Большинство работ в научной литературе посвящено деятельности ШОС в целом. Однако тема места и роли КНР в «шанхайском процессе» также интересна для исследования: представляется, что Китай, значительно повлиявший на формирование ШОС, в дальнейшем будет продолжать укреплять свои позиции в организации и регионе. Для Республики Беларусь, официально получившей статус партнера ШОС по диалогу в 2009 г., данная тема является весьма актуальной.
В белорусской научной литературе проблеме внешнеполитических стратегий КНР в Центральной Азии уделили внимание В. Боровой [2], В. Воронович [4], Р. Турарбекова [13]. В России взаимодействие КНР с Российской Федерацией и государствами Центральной Азии изучали А. Воскресенский, С. Лузянин [5], Д. Тренин [12]. Среди китайских авторов пристальное внимание организации уделяют Цзян И [15], Чжао Хуашэн [16], Пань Гуан [25]. В странах Центральной Азии проблематику ШОС исследовали М. Ашимбаев [1], М. Лаумулин [8] (Казахстан), А. Салиев, Э. Усубалиев (Кыргызстан) [11]. В европейской школе теме ШОС и КНР посвятили свои работы Ф. Хансен (Дания) [22], Н. Свонстром (Швеция) [26]. Среди авторов из США, исследующих проблемы развития ШОС, выделяются А. Кули [19], А. Шнайдер [27]; внешнеполитические стратегии КНР в регионе проанализировал Э. Медейрос [24], проблемы безопасности и межгосударственного сотрудничества в Центральной Азии в своих работах рассмотрел Г. Глисон [20; 21].
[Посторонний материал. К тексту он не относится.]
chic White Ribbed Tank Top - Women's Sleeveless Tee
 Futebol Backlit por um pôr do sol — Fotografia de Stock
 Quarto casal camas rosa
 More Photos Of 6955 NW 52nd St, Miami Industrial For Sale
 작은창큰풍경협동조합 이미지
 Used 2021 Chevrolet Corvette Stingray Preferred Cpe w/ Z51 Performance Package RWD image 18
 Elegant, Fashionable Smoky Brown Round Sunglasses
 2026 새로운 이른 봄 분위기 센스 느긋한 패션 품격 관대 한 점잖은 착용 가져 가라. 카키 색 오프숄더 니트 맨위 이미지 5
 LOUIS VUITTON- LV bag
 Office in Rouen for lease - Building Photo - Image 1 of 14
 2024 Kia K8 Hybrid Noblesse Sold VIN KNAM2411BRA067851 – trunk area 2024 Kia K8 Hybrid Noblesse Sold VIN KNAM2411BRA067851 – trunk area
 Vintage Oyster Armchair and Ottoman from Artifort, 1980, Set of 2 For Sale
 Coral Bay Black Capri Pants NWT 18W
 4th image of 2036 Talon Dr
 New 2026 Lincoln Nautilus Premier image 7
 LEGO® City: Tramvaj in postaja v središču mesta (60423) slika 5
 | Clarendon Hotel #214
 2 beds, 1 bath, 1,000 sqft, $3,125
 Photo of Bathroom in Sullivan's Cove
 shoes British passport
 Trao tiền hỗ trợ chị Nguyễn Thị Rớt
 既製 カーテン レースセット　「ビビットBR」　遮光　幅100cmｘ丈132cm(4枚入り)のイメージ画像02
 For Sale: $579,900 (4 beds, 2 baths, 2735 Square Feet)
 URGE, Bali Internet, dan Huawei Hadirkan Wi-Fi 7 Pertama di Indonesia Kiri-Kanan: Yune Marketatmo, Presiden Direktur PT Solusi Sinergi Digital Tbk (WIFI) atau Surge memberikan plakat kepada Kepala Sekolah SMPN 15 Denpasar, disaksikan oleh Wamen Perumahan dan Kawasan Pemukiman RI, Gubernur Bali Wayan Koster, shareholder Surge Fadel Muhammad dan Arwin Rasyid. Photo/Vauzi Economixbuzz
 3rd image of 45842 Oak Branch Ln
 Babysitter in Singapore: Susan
Цель статьи — определить роль КНР в развитии политического взаимодействия государств — членов ШОС. Для этого необходимо проанализировать стратегии КНР в процессе развития данного типа сотрудничества в рамках ШОС и рассмотреть становление Организации в контексте изменений геополитической обстановки в Центральной Азии в начале XXI в. (2001—2010 гг.).
Начальный этап становления ШОС (июнь—сентябрь 2001 г.)
Переход от механизма ежегодных встреч «шанхайской пятерки» (Китай, Россия, Казахстан, Кыргызстан и Таджикистан) к образованию организации был вызван тем, что решение пограничных вопросов не стало единственной задачей форума. Во второй половине 1990-х гг. КНР и Россия, приняв во внимание интерес США к центральноазиатскому региону в контексте стремления Штатов к установлению однополярного мира, а также осознав собственные выгоды в добыче и импорте (КНР), добыче и транспортировке (Россия) энергоресурсов Центральной Азии, в поддержании политической стабильности и сдерживании наркотраффика из Афганистана в целях обеспечения региональной и собственной безопасности, пошли на установление и развитие партнерских отношений друг с другом, одновременно усиливая взаимодействие со странами Центральной Азии [2, с. 98; 5, с. 399; 11, с. 455]. В свою очередь, центральноазиатские лидеры воспользовались возможностью продвижения регионального сотрудничества для реализации политики балансирования между интересами держав, традиционным влиянием России и возможным усилением экономического влияния КНР в регионе [20, р. 1078; 23, p. 6].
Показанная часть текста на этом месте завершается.